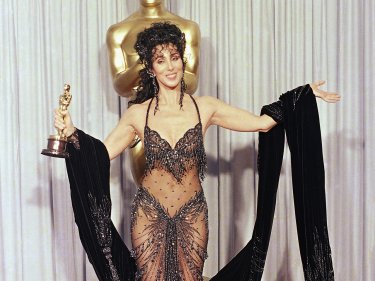 Cher con il premio Oscar vinto per Stregata dalla luna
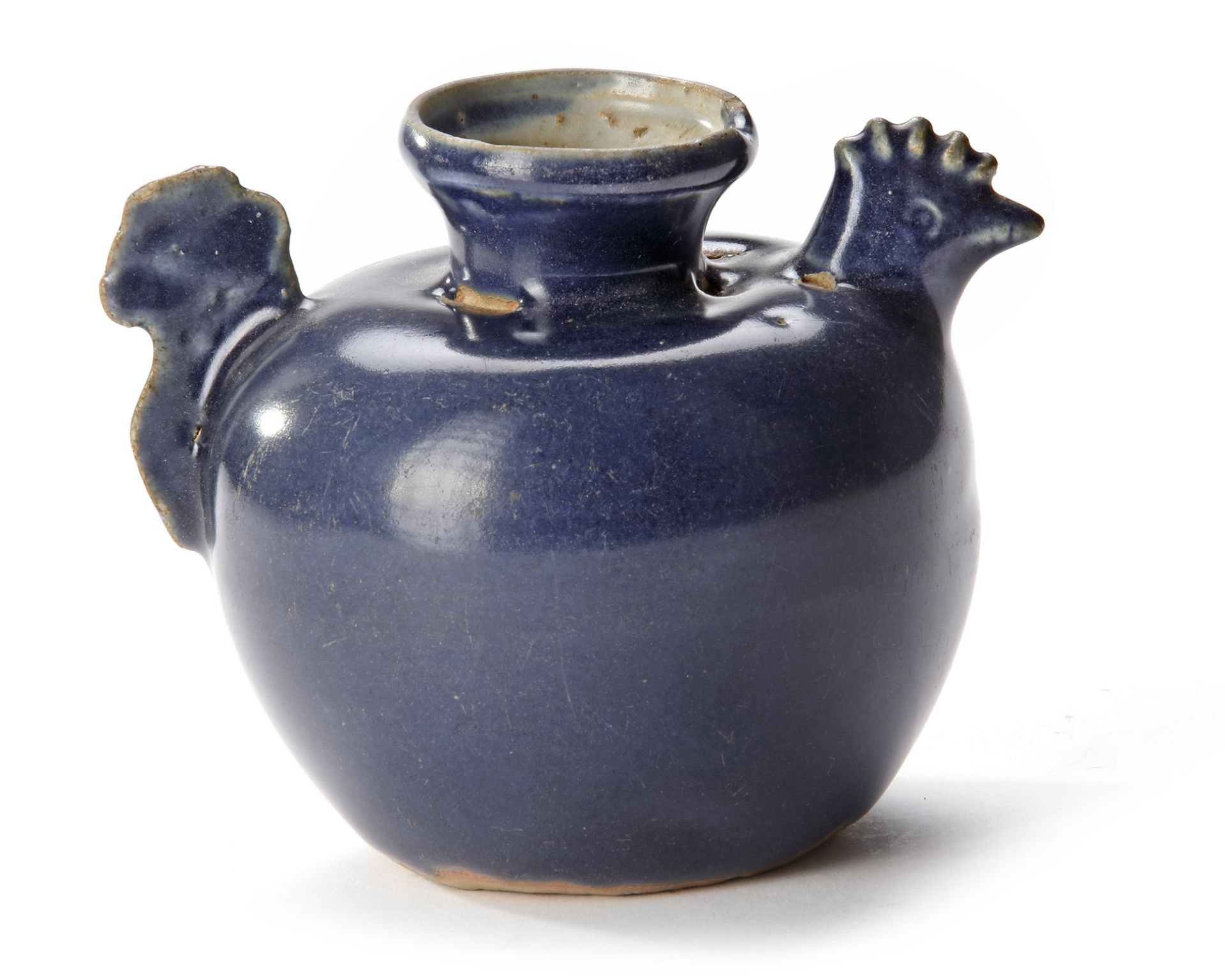 A CHINESE COBALT BLUE GLAZED CHICKEN EWER, MING DYNASTY, 16TH CENTURY - Bild 2 aus 4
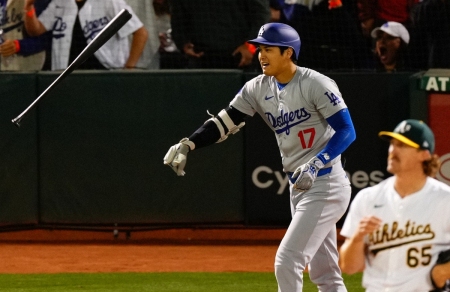 ドジャース大谷翔平「1番・DH」でスタメン　2戦連発の34号本塁打に期待　フラーティが移籍後初先発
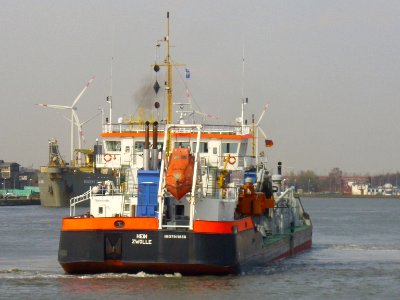 Dredge ship Hein 2012-04-17 (4)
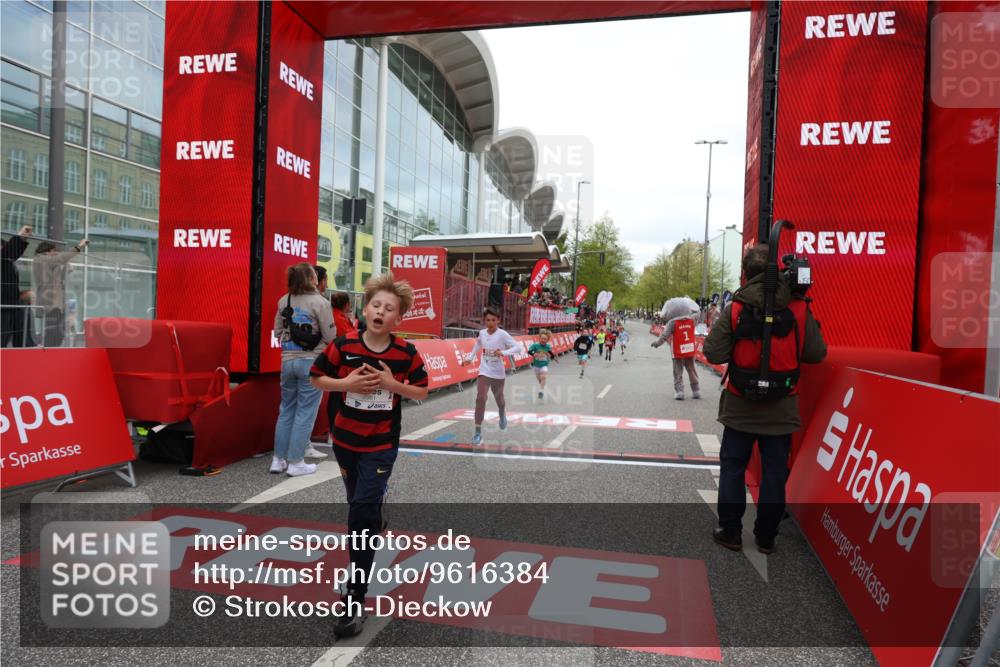 25.04.2026 - Das Zehntel Strokosch-Dieckow http://msf.ph/oto/9616384 25.04.2026 08:48:10 Ziel 2005, 2981, 3402 meine-sportfotos.de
════════════════════
__TASK OBJECTIVE__. What the answer must hold: all the data above, given again exactly, without pictures.

__TASK RESULT__.
 Cher con il premio Oscar vinto per Stregata dalla luna
 A CHINESE COBALT BLUE GLAZED CHICKEN EWER, MING DYNASTY, 16TH CENTURY - Bild 2 aus 4
 ドジャース大谷翔平「1番・DH」でスタメン　2戦連発の34号本塁打に期待　フラーティが移籍後初先発
 Dredge ship Hein 2012-04-17 (4)
 25.04.2026 - Das Zehntel Strokosch-Dieckow http://msf.ph/oto/9616384 25.04.2026 08:48:10 Ziel 2005, 2981, 3402 meine-sportfotos.de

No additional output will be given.